◆ **Information supplied**
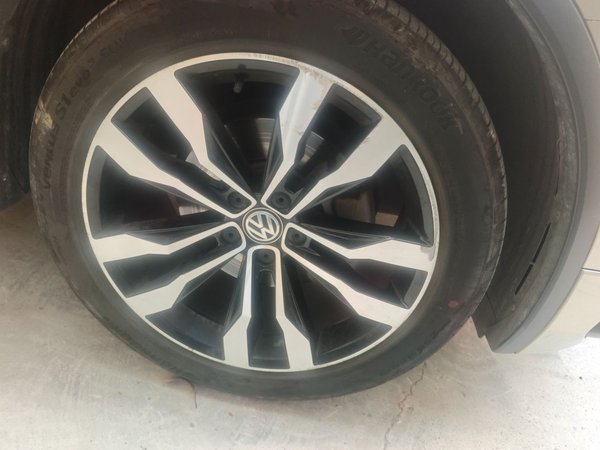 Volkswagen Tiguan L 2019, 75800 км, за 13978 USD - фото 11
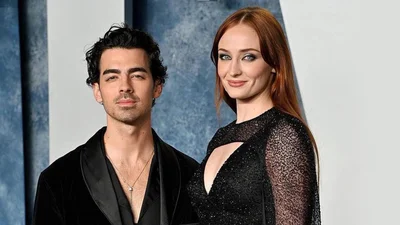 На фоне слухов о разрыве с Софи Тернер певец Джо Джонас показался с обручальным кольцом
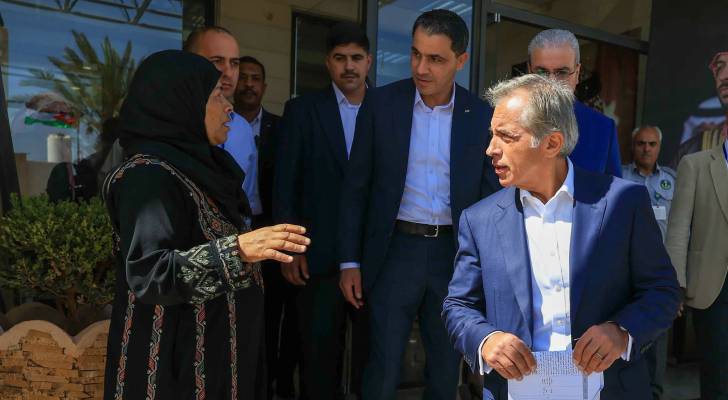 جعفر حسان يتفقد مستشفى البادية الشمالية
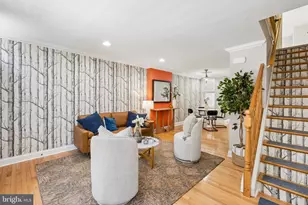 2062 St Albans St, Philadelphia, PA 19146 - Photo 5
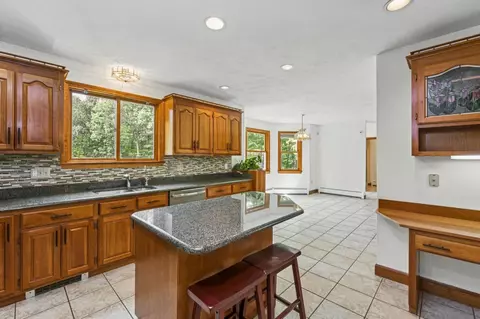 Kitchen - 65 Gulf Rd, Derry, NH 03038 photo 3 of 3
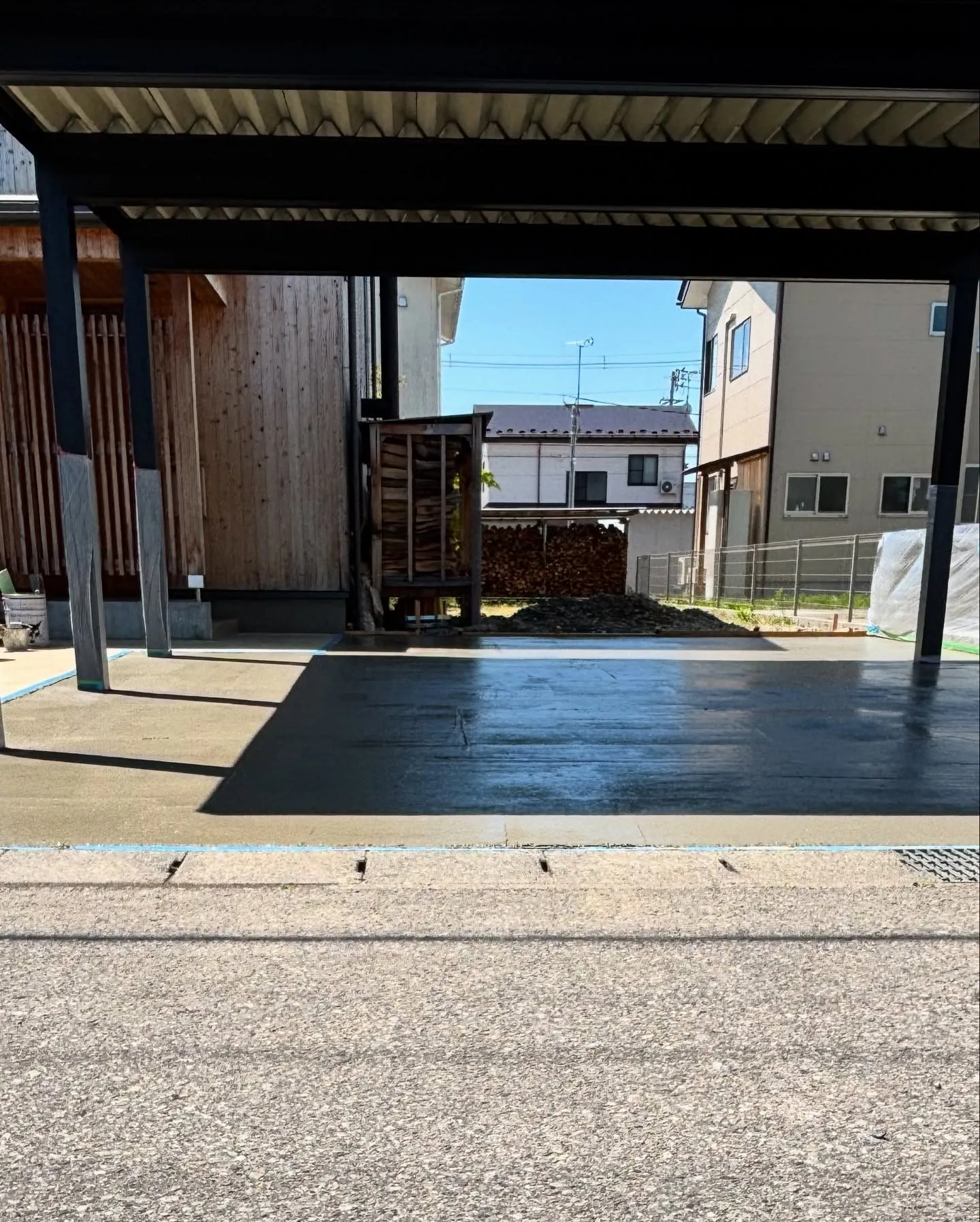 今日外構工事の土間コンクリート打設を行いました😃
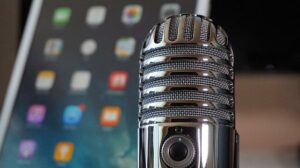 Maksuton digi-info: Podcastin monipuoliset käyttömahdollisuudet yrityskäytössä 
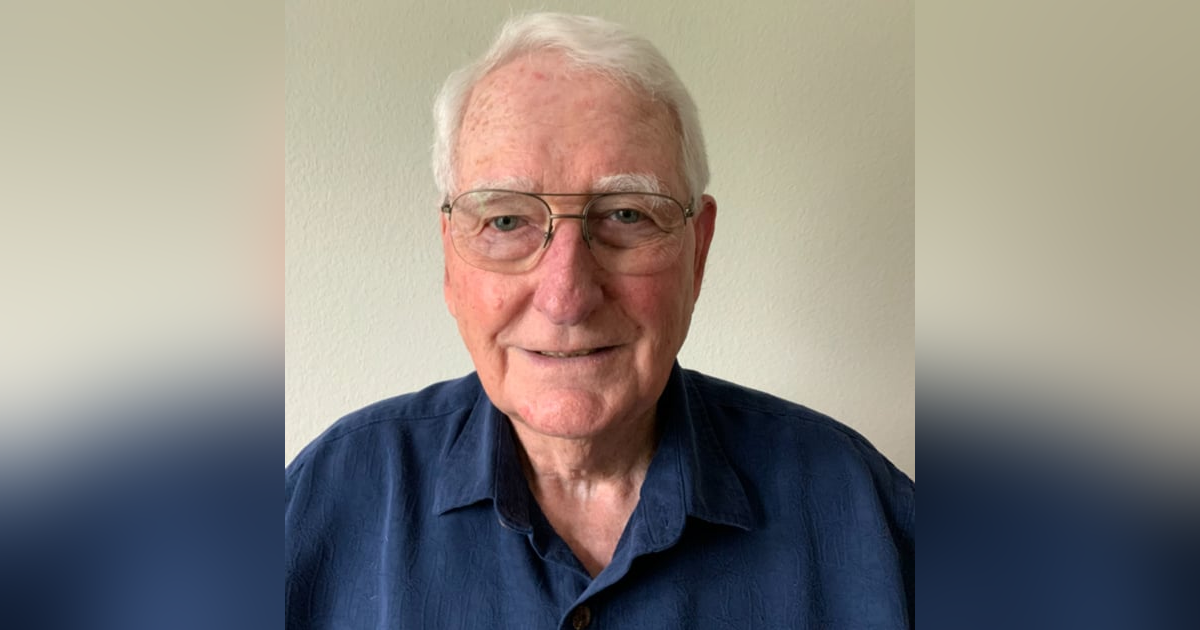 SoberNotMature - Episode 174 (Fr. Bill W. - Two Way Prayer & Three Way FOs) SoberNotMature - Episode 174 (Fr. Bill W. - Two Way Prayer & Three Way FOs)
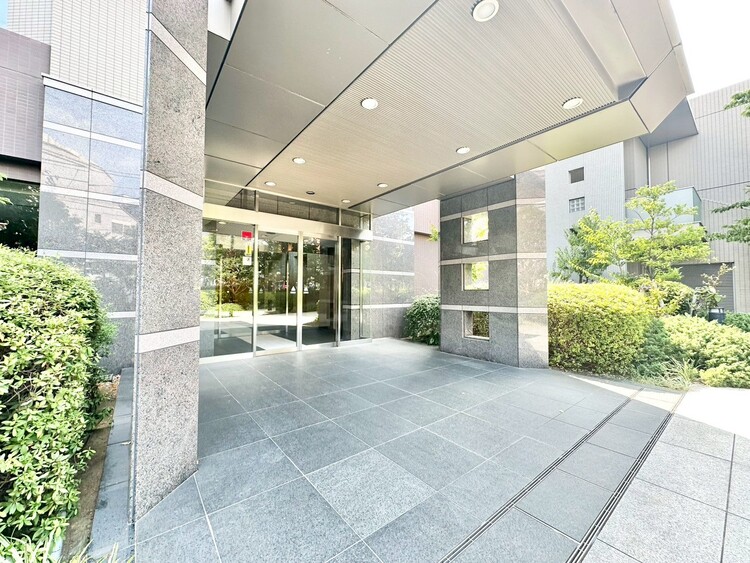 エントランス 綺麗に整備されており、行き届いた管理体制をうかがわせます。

◆ **Work instructions**
All of the data is to be returned exactly, with no pictures included.

◆ **Answer**
 Volkswagen Tiguan L 2019, 75800 км, за 13978 USD - фото 11
 На фоне слухов о разрыве с Софи Тернер певец Джо Джонас показался с обручальным кольцом
 جعفر حسان يتفقد مستشفى البادية الشمالية
 2062 St Albans St, Philadelphia, PA 19146 - Photo 5
 Kitchen - 65 Gulf Rd, Derry, NH 03038 photo 3 of 3
 今日外構工事の土間コンクリート打設を行いました😃
 Maksuton digi-info: Podcastin monipuoliset käyttömahdollisuudet yrityskäytössä 
 SoberNotMature - Episode 174 (Fr. Bill W. - Two Way Prayer & Three Way FOs) SoberNotMature - Episode 174 (Fr. Bill W. - Two Way Prayer & Three Way FOs)
 エントランス 綺麗に整備されており、行き届いた管理体制をうかがわせます。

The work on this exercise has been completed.